Dataset entries:
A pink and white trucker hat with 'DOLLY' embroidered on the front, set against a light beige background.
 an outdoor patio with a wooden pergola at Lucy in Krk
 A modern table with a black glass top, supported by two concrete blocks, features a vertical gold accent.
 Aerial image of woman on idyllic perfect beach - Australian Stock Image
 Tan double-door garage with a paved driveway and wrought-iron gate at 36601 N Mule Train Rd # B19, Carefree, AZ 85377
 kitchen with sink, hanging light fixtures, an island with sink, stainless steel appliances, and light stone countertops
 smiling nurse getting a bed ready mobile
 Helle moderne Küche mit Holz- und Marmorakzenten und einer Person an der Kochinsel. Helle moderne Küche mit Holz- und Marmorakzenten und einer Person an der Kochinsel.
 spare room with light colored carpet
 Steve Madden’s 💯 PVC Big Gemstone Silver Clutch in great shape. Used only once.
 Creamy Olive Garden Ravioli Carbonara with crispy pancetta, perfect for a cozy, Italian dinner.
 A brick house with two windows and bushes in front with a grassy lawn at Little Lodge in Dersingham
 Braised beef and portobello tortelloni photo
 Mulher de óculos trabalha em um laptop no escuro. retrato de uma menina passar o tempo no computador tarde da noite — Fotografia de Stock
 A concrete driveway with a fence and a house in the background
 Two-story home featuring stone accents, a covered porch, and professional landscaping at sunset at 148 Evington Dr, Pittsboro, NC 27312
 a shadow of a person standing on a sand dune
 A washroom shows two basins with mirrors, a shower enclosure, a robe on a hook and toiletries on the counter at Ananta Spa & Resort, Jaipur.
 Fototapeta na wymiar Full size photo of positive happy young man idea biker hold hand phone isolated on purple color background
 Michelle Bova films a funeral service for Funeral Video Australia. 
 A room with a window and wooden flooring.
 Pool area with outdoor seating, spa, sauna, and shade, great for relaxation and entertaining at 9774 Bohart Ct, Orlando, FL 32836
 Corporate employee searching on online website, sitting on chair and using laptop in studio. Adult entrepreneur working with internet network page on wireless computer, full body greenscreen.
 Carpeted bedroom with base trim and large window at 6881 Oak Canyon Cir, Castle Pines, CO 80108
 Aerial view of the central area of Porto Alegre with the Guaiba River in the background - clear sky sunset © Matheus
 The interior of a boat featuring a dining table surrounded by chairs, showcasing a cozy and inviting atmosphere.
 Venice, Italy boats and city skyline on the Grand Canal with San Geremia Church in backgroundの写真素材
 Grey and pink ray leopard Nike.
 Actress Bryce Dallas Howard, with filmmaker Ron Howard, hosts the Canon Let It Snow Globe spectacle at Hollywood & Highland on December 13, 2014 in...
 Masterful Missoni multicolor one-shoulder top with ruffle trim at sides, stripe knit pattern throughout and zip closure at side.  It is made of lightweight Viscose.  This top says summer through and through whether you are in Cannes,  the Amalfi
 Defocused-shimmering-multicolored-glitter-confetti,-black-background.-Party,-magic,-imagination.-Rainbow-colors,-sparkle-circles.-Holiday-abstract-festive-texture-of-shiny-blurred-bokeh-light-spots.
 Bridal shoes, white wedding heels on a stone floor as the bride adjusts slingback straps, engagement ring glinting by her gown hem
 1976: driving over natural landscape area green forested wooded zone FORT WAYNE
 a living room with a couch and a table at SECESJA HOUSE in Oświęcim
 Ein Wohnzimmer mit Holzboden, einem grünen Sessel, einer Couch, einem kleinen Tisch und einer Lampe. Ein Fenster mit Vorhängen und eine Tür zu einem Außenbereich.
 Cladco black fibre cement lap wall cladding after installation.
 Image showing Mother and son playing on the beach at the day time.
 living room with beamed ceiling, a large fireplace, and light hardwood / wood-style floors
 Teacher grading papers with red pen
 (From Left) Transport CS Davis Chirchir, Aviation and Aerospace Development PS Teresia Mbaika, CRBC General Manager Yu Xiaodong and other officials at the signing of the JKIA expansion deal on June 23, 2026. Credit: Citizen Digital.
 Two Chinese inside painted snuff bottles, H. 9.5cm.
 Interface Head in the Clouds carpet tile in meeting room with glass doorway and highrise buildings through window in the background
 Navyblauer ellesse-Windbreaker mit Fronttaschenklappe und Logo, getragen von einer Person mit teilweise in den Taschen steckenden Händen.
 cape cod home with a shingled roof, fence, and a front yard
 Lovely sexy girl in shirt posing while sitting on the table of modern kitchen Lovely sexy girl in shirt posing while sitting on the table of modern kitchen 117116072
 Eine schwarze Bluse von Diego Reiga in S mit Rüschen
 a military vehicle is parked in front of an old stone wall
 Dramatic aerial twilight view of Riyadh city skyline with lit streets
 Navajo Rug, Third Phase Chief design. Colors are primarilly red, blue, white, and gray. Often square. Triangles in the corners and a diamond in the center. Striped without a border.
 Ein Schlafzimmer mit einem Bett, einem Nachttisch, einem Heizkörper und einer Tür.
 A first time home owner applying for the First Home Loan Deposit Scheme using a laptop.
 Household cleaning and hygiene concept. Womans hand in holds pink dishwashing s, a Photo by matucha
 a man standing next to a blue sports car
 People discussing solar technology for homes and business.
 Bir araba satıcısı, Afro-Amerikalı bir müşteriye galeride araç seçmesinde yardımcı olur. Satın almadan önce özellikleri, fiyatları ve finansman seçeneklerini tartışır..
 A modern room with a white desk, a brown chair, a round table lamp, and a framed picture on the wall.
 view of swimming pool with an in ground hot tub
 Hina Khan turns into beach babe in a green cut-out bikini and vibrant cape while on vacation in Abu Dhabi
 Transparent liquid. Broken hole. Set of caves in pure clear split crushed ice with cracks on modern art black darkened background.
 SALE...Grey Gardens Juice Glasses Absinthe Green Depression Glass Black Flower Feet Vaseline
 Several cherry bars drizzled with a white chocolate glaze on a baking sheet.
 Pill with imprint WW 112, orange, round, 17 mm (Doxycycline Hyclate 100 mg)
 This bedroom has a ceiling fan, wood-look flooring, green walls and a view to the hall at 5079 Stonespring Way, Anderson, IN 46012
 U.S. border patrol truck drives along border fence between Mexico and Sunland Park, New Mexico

_PROMPT_:
Of the lines above, extract only those from the line with "Tan double-door garage" to the line with "Grey and pink ray leopard Nike.", both included, exactly as written.

_SOLUTION TO THIS PROBLEM_:
 Tan double-door garage with a paved driveway and wrought-iron gate at 36601 N Mule Train Rd # B19, Carefree, AZ 85377
 kitchen with sink, hanging light fixtures, an island with sink, stainless steel appliances, and light stone countertops
 smiling nurse getting a bed ready mobile
 Helle moderne Küche mit Holz- und Marmorakzenten und einer Person an der Kochinsel. Helle moderne Küche mit Holz- und Marmorakzenten und einer Person an der Kochinsel.
 spare room with light colored carpet
 Steve Madden’s 💯 PVC Big Gemstone Silver Clutch in great shape. Used only once.
 Creamy Olive Garden Ravioli Carbonara with crispy pancetta, perfect for a cozy, Italian dinner.
 A brick house with two windows and bushes in front with a grassy lawn at Little Lodge in Dersingham
 Braised beef and portobello tortelloni photo
 Mulher de óculos trabalha em um laptop no escuro. retrato de uma menina passar o tempo no computador tarde da noite — Fotografia de Stock
 A concrete driveway with a fence and a house in the background
 Two-story home featuring stone accents, a covered porch, and professional landscaping at sunset at 148 Evington Dr, Pittsboro, NC 27312
 a shadow of a person standing on a sand dune
 A washroom shows two basins with mirrors, a shower enclosure, a robe on a hook and toiletries on the counter at Ananta Spa & Resort, Jaipur.
 Fototapeta na wymiar Full size photo of positive happy young man idea biker hold hand phone isolated on purple color background
 Michelle Bova films a funeral service for Funeral Video Australia. 
 A room with a window and wooden flooring.
 Pool area with outdoor seating, spa, sauna, and shade, great for relaxation and entertaining at 9774 Bohart Ct, Orlando, FL 32836
 Corporate employee searching on online website, sitting on chair and using laptop in studio. Adult entrepreneur working with internet network page on wireless computer, full body greenscreen.
 Carpeted bedroom with base trim and large window at 6881 Oak Canyon Cir, Castle Pines, CO 80108
 Aerial view of the central area of Porto Alegre with the Guaiba River in the background - clear sky sunset © Matheus
 The interior of a boat featuring a dining table surrounded by chairs, showcasing a cozy and inviting atmosphere.
 Venice, Italy boats and city skyline on the Grand Canal with San Geremia Church in backgroundの写真素材
 Grey and pink ray leopard Nike.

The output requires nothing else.